P-1 and P-1A

Visa for athletes, entertainers, and coaches.

Are you an athlete looking to compete in the United States, or a coach, trainer, nutritionist or support personnel looking to accompany your athlete? 

Discover the P-1 visa, catering to internationally recognized athletes and entertainers who wish to showcase their talents in the United States.

Key Requirements:

Client Profile:

At CARNEY Immigration, our P-1 visa attorneys will help you find how to turn your talent into a top-notch immigration petition. 


The P-1 Visa is a specialty non-immigrant visa exclusively for athletes. Coaches or support staff may accompany the athlete through a P-1S. 


 A P-1 allows foreign athletes to come to the United States temporarily in order to attend an event, competition, or performance. The visa can be issued for up to five years with extensions not to exceed a total stay of ten years. 


The P-1 visa contains two subcategories:

·      P-1A visa intended for internationally recognized athletes or an athletic team;

·      P-1B visa intended for individuals or members of an internationally recognized entertainment group.


In order for groups to be eligible for P-1, the team or group must have at least two members. 


USCIS may also require proof that the P-1 applicant maintains a foreign residence abroad showing they intend to return to the home country upon completion of the event, performance, tournament, or tour. 


(U) The P-1 visa classification applies to the following:


(1)   The COMPETE Act of 2006 outlined four different ways that an applicant may qualify:

(a)   The athlete or team performs at an “internationally recognized” level of performance;

(b)  A professional athlete as definted by 9 FAM 402.14-4 paragraph 11;

(c)   An athlete or coach, as part of a team or franchise that is located in the United States and a member of a foreign league or association of 15 or more amateur sports teams, if the foreign league or association is the highest level of amateur performance of that sport in the relevant foreign country; participation in such league or association renders players ineligible, whether on a temporary or permanent basis, to earn a scholarship in or participate in, that sport at a college or university in the United States under NCAA rules; and a significant number of individuals who play in such league or association are drafted by major sports leagues or a minor league affiliate of such a sports league; and 

(d)  A professional or amateur athlete coming temporarily to the U.S. to perform in a specific theatrical ice-skating production, individually or as part of a group.
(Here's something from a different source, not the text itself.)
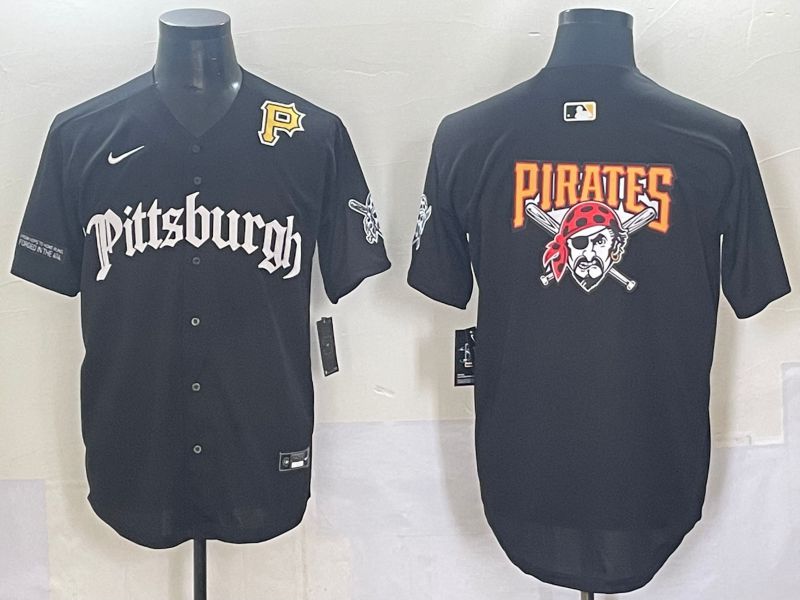 Men 2025 Pittsburgh Pirates Blank Black Five generations Joint Name Nike MLB Jersey style 6->pittsburgh pirates->MLB Jersey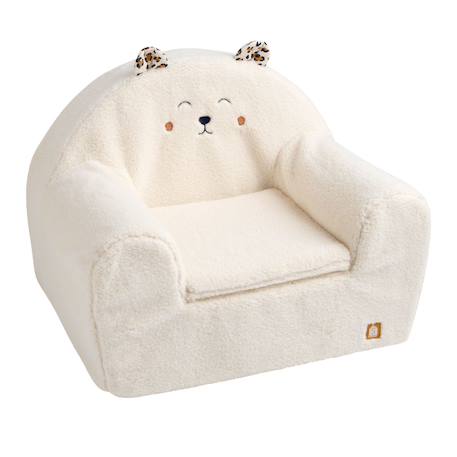 Fauteuil club enfant en sherpa détails léopard Ecru 1 - vertbaudet enfant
Can I compete for prize money as an athlete on a P-1 Visa?


P-1 holders may compete for prize money. 


Can I travel abroad while on a P-1 Visa?


Yes, P-1 visa holders may travel freely inside and outside the United States so long as the visa remains valid. 


Can my spouse and/or children accompany me? 


Spouse and children (unmarried and under age 21) may accompany or visit the primary visa holder through a P-4 dependent visa. However, they may not work. 


Can I obtain permanent residency (green card) through the P-1 Visa?


P-1 Visa holders may apply to adjust status and seek permanent residency (green card) in the United States. 


Can I have more than one employer or sponsor? 


Yes, the P-1 Visa holder may have more than one employer, sponsor, or other revenue sources, provided the P-1 petition is presented by your agent. Employers may be U.S. based or foreign, but must have a contract with the visa beneficiary. 


Who counts as essential support staff for the P-1S visa?


Common support personnel applicants include coaches, assistant coaches, managers, trainers, scouts, translators, nutritionists, tour managers, or caddies. 


How long can my coach or support staff stay in the United States on the P-1S visa?


Consistent with DHS regulations, P-1S essential support personnel such as your coach or trainer may stay for the time necessary to complete the event, but not more than one year. Applicants will usually receive either one year or the time left on the principal athlete’s P-1 visa if less than one year. 


Who can sponsor the P-1S or O-2 visa holder?


The direct employer of the P-1 or O-1 visa holder, a sponsoring organization, a U.S. agent representing multiple employers, or a U.S. agent representing a foreign employer. 


Does the same petitioner of the P-1 visa holder apply for coach and/or support staff?


No, not always. The P-1S and O-2 visa petitioner does not always have to be the same entity as the sponsor of the principal visa holder. If the foreign athlete is signed to the NBA, NHL, or MLS, for example, a different agency can be the petitioner for the coach or support staff. 


One P-1 visa can lead to the issuance of multiple P-1S visas, including but not limited to for foreign coaches, training partners, kinesiologists, psychologists, analysts, managers, agents, nutritionists, etc.